Daniel Francis

Reading the National Narrative

Trudeaumania, Then and Now

Jan 14, 2014

Back in November the history department at Simon Fraser University sponsored an interesting panel discussion about Trudeaumania, past and present. You can watch it here.

It brought to mind my own brush with Pierre Trudeau back in the federal election of 1968. (I recently recalled this incident in a talk at Carleton University as one of the events which awoke in my younger self a dormant interest in Canada as a subject of study.)
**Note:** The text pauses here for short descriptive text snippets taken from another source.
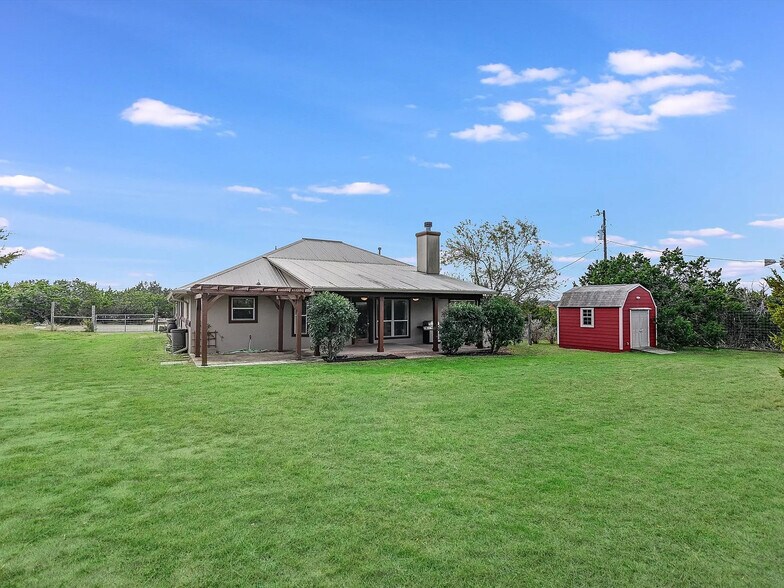 Building Photo - 1010 Foothills Dr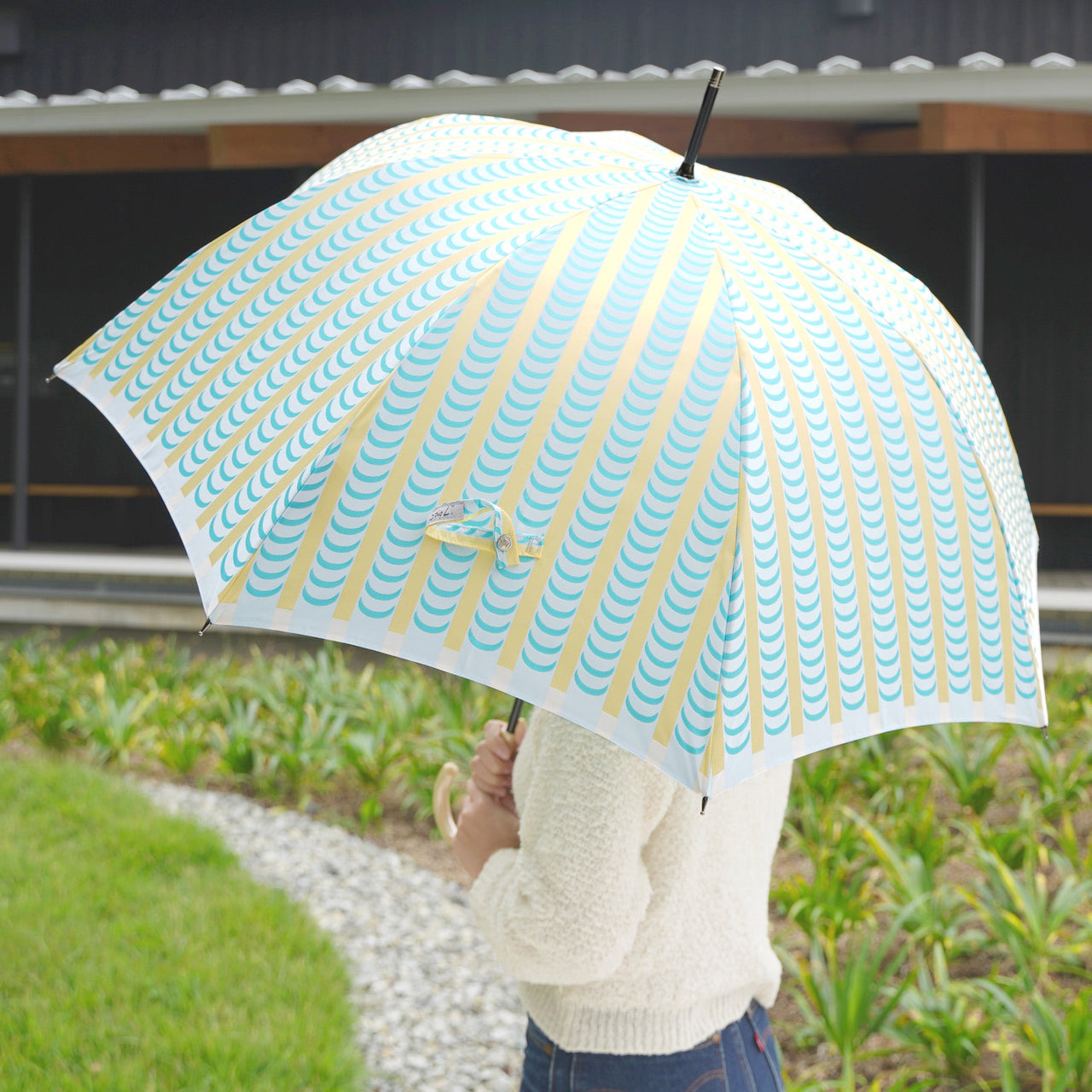 晴雨兼用　レディース　Stig L. DRAPES　グリーン　長傘　使用イメージ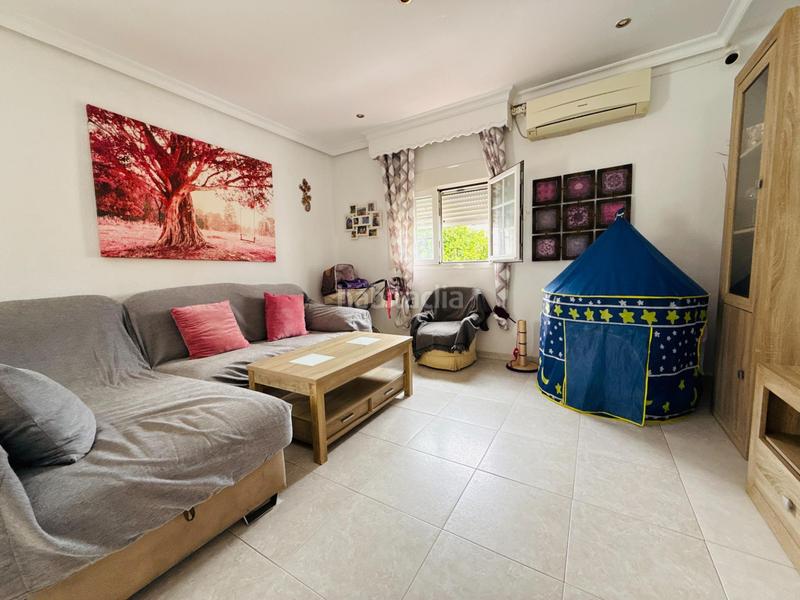 Foto c7a0b370-acfc-4887-a696-00fd51b73c7f. Casa  en planta alta con trastero, patio y azotea en el centro zona cayetano roldan , cementerio. en San Fernando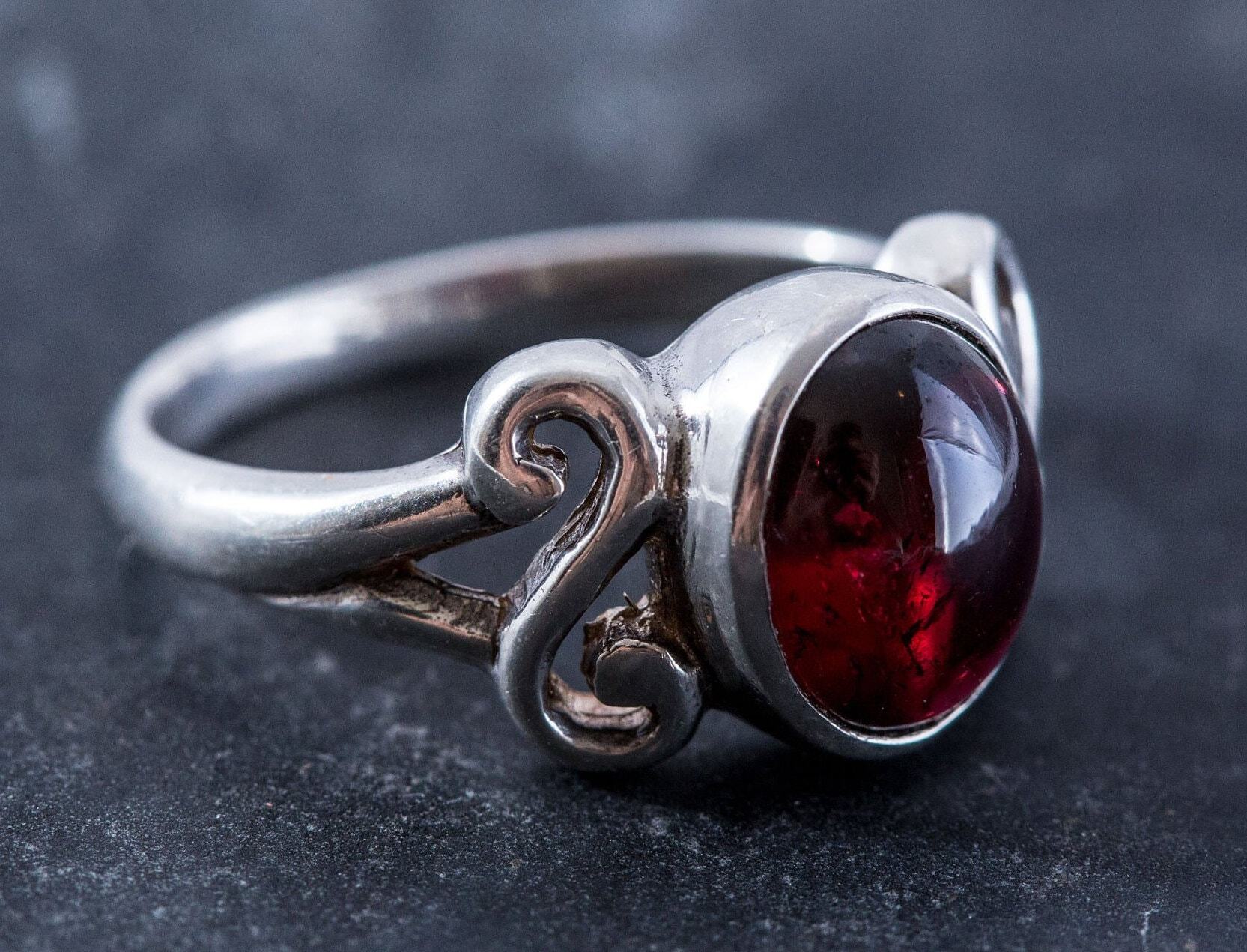Garnet Ring, Natural Garnet Ring, January Birthstone, Red Garnet Ring, Vintage Rings, Vintage Ring, Solid Silver Ring, Vintage Band, Garnet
You may recall that Trudeau became leader of the federal Liberal Party and therefore prime minister in April 1968. He was a very unusual politician, certainly by Canadian standards. He drove fast cars, dated movie stars, wore sandals in the House of Commons. He bore as much resemblance to his two predecessors, Pearson and Diefenbaker, as his son Justin does to Stephen Harper.

During the June election I was a university student working at a summer job in Vernon, BC, where Trudeau and his entourage made a campaign stop. He swept into town seated on the back of an open convertible wearing a white suit, flanked by two gorgeous women, clutching what had become his trademark bouquet of roses.

We were gathered in a park where he mounted the stage and gave a ten-minute speech filled with platitudes before he began to throw roses into the crowd. Despite the pointlessness of his remarks, the atmosphere was electric. It was if a rock star had come to town. You could feel that change was in the air. The old fogies who had been running Canada were on the way out.

A few days later I hopped a plane down to Vancouver so that I could vote in the election. It was the first, and last, time that I've ever voted Liberal (though interestingly one of the panel participants makes the case that Trudeau was really a social democrat).